Ashrawi emphasized in particular the immediate need for an end to all settlement activity, which "threatens the territorial viability and contiguity of a Palestinian state." She presented this as the first part of a triple-tiered approach. Along with a halt to all settlement construction, incursions, and siege by the Israelis, she recommended that state-building exercises be continued and advanced, and that a simultaneous political framework be developed. The latter, Ashrawi said, must focus on concrete issues and take place within a well-defined timeline.
The legislator went on to affirm the right of the Palestinians to resist Israeli occupation and to redefine resistance as the nature of the occupation changes.
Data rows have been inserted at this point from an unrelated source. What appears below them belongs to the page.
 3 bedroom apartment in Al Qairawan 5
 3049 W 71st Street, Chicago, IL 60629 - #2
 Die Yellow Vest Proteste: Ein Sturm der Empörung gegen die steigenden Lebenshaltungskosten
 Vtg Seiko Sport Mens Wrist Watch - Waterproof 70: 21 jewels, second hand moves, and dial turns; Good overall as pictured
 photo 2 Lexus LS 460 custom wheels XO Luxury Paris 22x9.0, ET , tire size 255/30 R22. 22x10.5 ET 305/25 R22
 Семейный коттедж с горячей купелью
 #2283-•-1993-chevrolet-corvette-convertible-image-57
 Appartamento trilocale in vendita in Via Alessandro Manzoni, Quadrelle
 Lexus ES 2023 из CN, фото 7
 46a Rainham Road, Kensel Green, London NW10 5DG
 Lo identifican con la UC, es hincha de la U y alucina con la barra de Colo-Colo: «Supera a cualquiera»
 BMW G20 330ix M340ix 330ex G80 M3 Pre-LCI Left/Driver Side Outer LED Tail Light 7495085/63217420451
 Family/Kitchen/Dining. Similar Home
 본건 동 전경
She highlighted the value of nonviolent methods, including a robust Boycott, Divestment, and Sanctions (BDS) campaign. "The occupation has to become costly [because] for all these years it has been very profitable for Israel," Ashrawi reasoned.
Along with protest movements, civil disobedience and BDS, she remarked on the need for "carrying out a system of legal and judicial accountability." If the political will to end the occupation is absent, she noted, then it is the responsibility of the public to express the legal, judicial, and popular will to "hold the occupation accountable and to expose it for what it is."
Acknowledging that the Palestinians have work to do as well, Ashrawi noted that the Palestinian divide between Gaza and the West Bank,between Fatah and Hamas, is a major problem. However, she argued, the divide is itself an outcome of the "abnormal and tainted situation under" occupation. While the lack of unity between the major Palestinian political factions is problematic, she said, it should not be used as an excuse not to engage and take rapid, concrete steps to end the occupation. "We are for a Palestinian cause that has not lost its integrity and its substance. We are yearning for freedom, for self-determination—these are noble causes and objectives and we have to pursue them with full support—these are unifying themes," she explained.
Dr. Ashrawi concluded her discussion with a stern warning. Expediency was of the utmost importance, she said, considering the rapidly disappearing opportunity for a viable two-state solution and the continuity of a leadership that is committed to a negotiated peace settlement. The pairing of Abu Mazen (President Mahmoud Abbas) and Salam Fayyad and their deep-seated desire for a politically negotiated peace "is not an open ended proposition."